Workers under the age of 30 really expect their employer to take control of their retirement plan, J.P. Morgan learned from surveying defined contribution plan participants.
Sixty-nine percent of these participants identify themselves as “do-it-for-me” investors, compared with 56% of those over the age of 30. They are also more likely to appreciate receiving a notice from their employer if they are not saving enough (62% versus 34%).
The younger group also wants their employer to make their investment decisions (82% versus 73%). In addition, 50% of those under the age of 30 think their employer is obliged to make their investment decisions for them, compared to 22% of those over the age of 30.

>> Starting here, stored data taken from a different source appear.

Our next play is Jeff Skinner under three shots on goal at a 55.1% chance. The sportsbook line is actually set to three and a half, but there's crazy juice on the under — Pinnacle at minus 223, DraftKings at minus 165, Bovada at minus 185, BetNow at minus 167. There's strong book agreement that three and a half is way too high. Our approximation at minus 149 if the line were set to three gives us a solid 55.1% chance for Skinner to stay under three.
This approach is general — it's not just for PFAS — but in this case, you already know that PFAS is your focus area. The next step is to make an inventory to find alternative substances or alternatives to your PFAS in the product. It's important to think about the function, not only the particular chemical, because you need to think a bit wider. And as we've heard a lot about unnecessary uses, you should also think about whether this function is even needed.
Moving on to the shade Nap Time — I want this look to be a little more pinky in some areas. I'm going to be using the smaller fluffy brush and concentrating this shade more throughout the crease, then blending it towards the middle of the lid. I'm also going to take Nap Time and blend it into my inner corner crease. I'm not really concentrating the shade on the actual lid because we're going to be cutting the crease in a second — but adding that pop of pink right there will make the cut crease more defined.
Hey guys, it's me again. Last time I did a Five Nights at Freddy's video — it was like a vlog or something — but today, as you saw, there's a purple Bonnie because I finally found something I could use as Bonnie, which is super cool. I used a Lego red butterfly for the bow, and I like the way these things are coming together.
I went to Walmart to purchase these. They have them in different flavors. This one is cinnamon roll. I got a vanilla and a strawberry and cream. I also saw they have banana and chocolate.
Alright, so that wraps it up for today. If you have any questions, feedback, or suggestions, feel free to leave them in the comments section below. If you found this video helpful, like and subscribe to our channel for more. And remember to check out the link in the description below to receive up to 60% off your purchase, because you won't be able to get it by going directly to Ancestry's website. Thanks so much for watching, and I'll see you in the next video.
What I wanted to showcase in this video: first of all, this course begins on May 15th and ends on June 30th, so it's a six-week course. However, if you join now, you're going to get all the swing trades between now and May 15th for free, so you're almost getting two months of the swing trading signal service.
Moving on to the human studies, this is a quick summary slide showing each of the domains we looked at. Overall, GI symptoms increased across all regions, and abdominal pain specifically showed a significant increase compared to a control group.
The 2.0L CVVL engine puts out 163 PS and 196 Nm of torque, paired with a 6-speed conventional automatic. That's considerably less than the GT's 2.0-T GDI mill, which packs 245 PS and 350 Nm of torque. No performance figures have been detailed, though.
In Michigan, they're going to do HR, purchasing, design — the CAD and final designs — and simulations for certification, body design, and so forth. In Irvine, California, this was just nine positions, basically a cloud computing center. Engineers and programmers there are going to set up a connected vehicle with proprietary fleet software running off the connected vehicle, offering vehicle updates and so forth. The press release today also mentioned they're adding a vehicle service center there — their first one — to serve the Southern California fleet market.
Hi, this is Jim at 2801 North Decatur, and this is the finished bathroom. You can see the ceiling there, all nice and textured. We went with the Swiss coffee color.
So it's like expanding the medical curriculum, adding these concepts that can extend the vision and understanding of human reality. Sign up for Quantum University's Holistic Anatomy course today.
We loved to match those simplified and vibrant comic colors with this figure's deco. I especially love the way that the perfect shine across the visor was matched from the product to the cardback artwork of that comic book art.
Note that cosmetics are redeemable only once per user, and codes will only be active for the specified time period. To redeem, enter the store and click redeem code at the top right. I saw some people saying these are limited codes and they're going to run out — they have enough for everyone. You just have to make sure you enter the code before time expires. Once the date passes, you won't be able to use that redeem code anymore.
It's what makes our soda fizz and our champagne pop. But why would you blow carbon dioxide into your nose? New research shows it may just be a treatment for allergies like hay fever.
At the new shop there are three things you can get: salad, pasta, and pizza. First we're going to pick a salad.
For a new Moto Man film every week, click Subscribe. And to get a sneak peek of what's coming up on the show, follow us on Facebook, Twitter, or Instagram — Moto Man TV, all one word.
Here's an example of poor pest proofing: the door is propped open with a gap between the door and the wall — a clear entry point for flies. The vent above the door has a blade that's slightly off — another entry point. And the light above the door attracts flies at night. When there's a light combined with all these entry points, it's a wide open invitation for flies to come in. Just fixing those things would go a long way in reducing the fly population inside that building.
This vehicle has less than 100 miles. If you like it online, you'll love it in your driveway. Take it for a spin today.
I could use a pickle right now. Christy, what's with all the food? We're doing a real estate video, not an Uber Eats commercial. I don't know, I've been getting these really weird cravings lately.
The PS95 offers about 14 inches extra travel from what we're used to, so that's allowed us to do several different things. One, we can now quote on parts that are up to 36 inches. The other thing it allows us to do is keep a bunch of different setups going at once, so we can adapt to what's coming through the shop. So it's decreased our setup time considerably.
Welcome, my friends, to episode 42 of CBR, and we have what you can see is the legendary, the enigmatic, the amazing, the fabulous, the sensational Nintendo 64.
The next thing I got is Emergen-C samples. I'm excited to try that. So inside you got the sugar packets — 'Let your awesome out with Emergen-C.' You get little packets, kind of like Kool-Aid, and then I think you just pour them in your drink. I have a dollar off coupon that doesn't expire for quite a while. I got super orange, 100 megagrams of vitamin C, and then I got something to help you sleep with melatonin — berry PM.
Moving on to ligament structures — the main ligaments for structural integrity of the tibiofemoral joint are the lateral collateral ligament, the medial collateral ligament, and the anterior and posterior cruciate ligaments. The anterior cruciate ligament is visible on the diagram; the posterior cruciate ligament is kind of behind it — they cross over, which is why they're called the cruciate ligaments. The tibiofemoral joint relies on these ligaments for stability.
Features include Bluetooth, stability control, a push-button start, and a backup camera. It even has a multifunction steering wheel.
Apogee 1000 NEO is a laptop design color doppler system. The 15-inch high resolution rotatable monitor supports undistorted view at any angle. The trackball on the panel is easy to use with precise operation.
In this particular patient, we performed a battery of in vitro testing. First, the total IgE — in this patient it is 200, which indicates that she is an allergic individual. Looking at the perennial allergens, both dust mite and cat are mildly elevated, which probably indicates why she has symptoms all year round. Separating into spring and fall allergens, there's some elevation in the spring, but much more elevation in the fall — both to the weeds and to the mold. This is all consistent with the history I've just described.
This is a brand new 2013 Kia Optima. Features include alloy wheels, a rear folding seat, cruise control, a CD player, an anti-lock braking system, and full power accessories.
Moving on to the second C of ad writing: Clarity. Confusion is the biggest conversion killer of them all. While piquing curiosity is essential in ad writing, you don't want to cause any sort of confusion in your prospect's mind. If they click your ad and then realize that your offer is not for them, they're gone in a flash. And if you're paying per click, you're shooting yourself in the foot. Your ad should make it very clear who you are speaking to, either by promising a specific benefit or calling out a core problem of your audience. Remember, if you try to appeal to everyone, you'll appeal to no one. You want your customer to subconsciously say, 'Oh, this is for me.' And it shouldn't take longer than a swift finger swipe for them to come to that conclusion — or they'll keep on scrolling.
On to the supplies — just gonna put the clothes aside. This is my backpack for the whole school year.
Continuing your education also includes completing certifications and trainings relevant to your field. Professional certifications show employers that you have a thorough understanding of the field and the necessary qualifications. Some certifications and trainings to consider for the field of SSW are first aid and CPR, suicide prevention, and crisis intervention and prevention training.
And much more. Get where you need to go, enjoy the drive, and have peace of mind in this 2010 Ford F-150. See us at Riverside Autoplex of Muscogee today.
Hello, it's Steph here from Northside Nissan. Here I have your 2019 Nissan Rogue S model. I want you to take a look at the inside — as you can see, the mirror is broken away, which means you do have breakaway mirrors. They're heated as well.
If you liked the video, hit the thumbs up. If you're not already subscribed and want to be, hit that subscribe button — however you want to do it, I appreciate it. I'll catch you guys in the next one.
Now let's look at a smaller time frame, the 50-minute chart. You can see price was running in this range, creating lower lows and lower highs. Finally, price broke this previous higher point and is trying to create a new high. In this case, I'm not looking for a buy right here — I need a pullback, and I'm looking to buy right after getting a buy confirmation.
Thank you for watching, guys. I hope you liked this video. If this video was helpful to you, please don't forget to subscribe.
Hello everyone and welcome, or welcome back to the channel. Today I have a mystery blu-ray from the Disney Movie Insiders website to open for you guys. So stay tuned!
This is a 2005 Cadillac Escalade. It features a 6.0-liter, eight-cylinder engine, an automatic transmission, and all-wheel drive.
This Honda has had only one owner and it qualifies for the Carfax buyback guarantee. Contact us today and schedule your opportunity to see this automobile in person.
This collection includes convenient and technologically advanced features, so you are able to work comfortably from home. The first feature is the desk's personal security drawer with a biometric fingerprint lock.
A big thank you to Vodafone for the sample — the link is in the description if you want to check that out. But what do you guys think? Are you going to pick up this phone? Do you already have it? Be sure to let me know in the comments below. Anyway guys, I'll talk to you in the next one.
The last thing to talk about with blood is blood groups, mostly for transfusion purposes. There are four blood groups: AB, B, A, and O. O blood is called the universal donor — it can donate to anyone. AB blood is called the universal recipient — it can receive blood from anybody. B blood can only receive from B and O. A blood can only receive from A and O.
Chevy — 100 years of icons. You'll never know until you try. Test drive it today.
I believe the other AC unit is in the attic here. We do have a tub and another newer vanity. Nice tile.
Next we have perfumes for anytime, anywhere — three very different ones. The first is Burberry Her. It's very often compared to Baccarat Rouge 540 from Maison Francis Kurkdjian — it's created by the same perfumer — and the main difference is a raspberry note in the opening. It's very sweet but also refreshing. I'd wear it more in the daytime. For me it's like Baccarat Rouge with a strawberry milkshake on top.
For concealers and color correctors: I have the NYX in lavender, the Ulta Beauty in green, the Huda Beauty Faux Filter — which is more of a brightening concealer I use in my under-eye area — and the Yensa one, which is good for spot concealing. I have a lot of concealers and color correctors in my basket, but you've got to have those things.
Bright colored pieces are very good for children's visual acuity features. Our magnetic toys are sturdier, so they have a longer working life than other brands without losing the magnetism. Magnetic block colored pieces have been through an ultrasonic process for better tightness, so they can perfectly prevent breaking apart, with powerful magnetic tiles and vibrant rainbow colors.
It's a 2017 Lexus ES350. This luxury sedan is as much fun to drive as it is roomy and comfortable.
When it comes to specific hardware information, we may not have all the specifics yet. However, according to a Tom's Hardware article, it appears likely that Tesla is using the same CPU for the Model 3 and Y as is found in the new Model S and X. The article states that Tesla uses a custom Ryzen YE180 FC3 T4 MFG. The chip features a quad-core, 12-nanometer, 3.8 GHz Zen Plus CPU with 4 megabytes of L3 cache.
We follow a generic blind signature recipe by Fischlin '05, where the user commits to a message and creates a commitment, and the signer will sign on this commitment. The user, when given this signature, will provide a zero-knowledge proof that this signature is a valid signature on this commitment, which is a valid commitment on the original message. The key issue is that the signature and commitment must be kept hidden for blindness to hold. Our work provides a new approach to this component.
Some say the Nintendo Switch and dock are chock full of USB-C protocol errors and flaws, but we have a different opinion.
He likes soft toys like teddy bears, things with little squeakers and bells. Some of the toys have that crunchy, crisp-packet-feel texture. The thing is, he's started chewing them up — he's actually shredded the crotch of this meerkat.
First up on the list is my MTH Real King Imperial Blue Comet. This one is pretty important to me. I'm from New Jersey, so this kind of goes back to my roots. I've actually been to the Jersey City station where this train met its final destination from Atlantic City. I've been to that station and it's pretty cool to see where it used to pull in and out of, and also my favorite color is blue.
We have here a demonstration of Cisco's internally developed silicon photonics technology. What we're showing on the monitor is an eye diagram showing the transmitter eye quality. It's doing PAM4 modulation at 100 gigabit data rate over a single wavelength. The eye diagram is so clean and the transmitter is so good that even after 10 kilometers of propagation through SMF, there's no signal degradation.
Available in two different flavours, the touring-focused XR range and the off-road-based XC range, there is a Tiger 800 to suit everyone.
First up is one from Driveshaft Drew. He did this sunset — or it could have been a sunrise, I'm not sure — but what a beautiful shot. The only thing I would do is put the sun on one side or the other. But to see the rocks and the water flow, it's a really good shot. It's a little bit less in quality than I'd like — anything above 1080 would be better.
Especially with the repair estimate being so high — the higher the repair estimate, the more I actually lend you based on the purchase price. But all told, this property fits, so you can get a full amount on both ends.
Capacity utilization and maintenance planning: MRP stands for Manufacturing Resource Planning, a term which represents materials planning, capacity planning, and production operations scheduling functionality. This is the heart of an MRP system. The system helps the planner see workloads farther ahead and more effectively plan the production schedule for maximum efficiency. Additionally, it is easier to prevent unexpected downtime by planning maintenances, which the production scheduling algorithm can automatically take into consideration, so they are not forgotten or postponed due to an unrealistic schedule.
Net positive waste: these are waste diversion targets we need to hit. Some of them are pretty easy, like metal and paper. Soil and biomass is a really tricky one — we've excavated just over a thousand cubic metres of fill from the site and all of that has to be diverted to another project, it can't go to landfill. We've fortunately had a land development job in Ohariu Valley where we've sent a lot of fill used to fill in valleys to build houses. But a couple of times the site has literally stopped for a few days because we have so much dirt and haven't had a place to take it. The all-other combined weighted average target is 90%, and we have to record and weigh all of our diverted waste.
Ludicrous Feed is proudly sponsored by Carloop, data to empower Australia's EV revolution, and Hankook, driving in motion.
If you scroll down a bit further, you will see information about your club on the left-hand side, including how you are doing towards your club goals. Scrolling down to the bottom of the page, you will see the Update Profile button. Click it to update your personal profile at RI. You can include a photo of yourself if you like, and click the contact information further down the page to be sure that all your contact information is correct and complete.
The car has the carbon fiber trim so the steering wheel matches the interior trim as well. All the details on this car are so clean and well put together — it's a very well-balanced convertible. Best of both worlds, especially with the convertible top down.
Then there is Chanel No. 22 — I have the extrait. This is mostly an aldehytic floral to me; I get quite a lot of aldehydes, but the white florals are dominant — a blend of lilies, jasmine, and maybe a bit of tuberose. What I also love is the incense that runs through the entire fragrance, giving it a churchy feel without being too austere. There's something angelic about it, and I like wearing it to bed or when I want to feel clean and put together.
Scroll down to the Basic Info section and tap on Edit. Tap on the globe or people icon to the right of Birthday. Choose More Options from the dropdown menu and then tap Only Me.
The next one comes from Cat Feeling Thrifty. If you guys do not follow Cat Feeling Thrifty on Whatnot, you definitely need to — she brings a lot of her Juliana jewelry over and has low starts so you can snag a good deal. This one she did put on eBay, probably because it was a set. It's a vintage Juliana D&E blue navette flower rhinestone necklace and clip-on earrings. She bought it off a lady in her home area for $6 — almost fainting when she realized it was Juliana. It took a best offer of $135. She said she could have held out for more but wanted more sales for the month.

Eighty-four percent of the younger workers are in favor of automatic enrollment, compared to 72% of their older colleagues, and 86% like the idea of automatic escalation, compared to 70% of those over 30. They also think that target-date funds are appealing (97% versus 87%) and are open to the idea of re-enrollment (93% versus 79%).
“Those under 30 recognize the challenge they face in saving and investing for retirement and appear very receptive to the knowledge, tools and guidance that employers and advisers can provide,” says Catherine Peterson, global head of insights programs at J.P. Morgan. “These findings may help assure plan sponsors that their efforts to strengthen their plans and proactively place employees on a solid path to a secure retirement will likely be met with support among current and future generations of participants.”